Recources¶

• Git - Repository: http://bitbucket.org/paheld/dynamix
• Documentation: http://dynamix.readthedocs.org

Requirements¶

• SciPy
• NetworkX
• Matplotlib
• twitter

Tools¶

This file provides tools for event handling.

class dynamix.events.tools.MakeID[source]¶

Converter object for sender/receiver labels.

Methods

make_id(generator)[source]¶

Replaces all sender and receiver values by integer keys.

Parameters:	generator : iterable or single event Events

dynamix.events.tools.event_to_string(event)[source]¶

Converts the Event-Dictionary into a string representation.

Parameters:	event : dict Event in dict representation
Returns:	line : str String representation of the event

Notes

Example:

>>> event_to_string({"time":1,"sender":[1,2,3],"receiver":[4,5,6]})
'1;1,2,3;4,5,6'

>>> event_to_string({"time":1,"sender":[1,2,3]})
'1;1,2,3'

>>> event_to_string({"time":1,"sender":1,"receiver":2})
'1;1;2'

dynamix.events.tools.jitter_equal(generator, interval=(-1, 1))[source]¶

Adds noise to the event time.

This functions adds an equal distributed noise in the given interval to the time of the events.

Parameters:	generator : iterable or single event Events interval : tuple or list 2 element tuple with min and max jitter

Notes

Events could be out of order after adding jitter.

dynamix.events.tools.load(filename)[source]¶

Loads events from file

Parameters:	filename : str Filename which is used to load the data.

dynamix.events.tools.make_lists(event)[source]¶

Converts all sender and receiver literals into lists

dynamix.events.tools.make_literals(event)[source]¶

Converts all sender and receiver lists into literals if they contain only one element

dynamix.events.tools.random() → x in the interval [0, 1).¶

dynamix.events.tools.save(generator, filename)[source]¶

Saves events to file

Parameters:	generator : iterable or single event Events filename : str Filename which is used to save the file.

dynamix.events.tools.simplify(generator)[source]¶

Simplifies the compact representation with multiple sender and receivers.

The functions uses an iterator of events and creates for every sender-receiver combination a new event.

Parameters:	generator : iterable or single event Events

dynamix.events.tools.sort(generator, window_size=5.0)[source]¶

Sorts events in an event stream.

Elements of an generator will be sorted in the given time window size.
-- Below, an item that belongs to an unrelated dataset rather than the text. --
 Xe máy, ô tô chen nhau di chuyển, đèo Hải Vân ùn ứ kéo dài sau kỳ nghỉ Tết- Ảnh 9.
Parameters:	generator : iterable or single event Events window_size : int or float time window size

Notes

Events would be delayed until next event with timedelta > window_size arrives.

dynamix.events.tools.string_to_event(string)[source]¶

Converts the string representation of an event into the dictionary representation.

Parameters:	string : str Event in string representation
Returns:	event : dict Dictionary representation of the event

Notes

Example:

>>> event = string_to_event('1;1,2,3;4,5,6')
>>> event ==  {'time': 1, 'sender': [1, 2, 3], 'receiver': [4, 5, 6]}
True

>>> event = string_to_event('1;1,2,3')
>>> event == {'time': 1, 'sender': [1, 2, 3]}
True

>>> event = string_to_event('1;1;2')
>>> event == {'time': 1, 'sender': 1, 'receiver': 2}
True

dynamix.events.tools.throttle(generator, factor=1.0)[source]¶

Throttles event processing

The events will be repressed until the passing time from the first event to the current one is at least factor times the event time between the first event and the current one.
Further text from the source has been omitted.